**Dataset entries**
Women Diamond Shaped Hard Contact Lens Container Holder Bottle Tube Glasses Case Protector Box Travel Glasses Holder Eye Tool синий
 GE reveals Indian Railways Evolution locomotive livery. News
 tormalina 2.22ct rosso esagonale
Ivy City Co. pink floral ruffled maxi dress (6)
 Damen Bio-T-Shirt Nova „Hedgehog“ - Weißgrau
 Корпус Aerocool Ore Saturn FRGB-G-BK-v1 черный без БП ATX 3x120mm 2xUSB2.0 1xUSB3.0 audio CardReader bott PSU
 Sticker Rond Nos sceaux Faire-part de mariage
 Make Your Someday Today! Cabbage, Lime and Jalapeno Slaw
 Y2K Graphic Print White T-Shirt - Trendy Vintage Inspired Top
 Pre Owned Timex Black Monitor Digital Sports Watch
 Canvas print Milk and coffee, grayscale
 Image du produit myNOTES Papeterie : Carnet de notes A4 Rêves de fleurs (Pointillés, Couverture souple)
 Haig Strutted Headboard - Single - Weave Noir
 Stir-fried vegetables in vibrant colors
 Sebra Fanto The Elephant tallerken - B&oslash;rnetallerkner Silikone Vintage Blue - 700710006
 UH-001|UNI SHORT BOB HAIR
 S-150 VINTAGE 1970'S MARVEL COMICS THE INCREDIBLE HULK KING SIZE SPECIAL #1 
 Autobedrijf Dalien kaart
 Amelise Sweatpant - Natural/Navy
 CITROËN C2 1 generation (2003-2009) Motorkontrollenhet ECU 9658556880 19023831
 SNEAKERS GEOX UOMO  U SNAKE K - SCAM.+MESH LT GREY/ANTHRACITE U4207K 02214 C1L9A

**Task item**
Your answer must consist only of the lines from the start of the records above through the line with "UH-001|UNI SHORT BOB HAIR", each retyped exactly.

**Finished exercise**
Women Diamond Shaped Hard Contact Lens Container Holder Bottle Tube Glasses Case Protector Box Travel Glasses Holder Eye Tool синий
 GE reveals Indian Railways Evolution locomotive livery. News
 tormalina 2.22ct rosso esagonale
Ivy City Co. pink floral ruffled maxi dress (6)
 Damen Bio-T-Shirt Nova „Hedgehog“ - Weißgrau
 Корпус Aerocool Ore Saturn FRGB-G-BK-v1 черный без БП ATX 3x120mm 2xUSB2.0 1xUSB3.0 audio CardReader bott PSU
 Sticker Rond Nos sceaux Faire-part de mariage
 Make Your Someday Today! Cabbage, Lime and Jalapeno Slaw
 Y2K Graphic Print White T-Shirt - Trendy Vintage Inspired Top
 Pre Owned Timex Black Monitor Digital Sports Watch
 Canvas print Milk and coffee, grayscale
 Image du produit myNOTES Papeterie : Carnet de notes A4 Rêves de fleurs (Pointillés, Couverture souple)
 Haig Strutted Headboard - Single - Weave Noir
 Stir-fried vegetables in vibrant colors
 Sebra Fanto The Elephant tallerken - B&oslash;rnetallerkner Silikone Vintage Blue - 700710006
 UH-001|UNI SHORT BOB HAIR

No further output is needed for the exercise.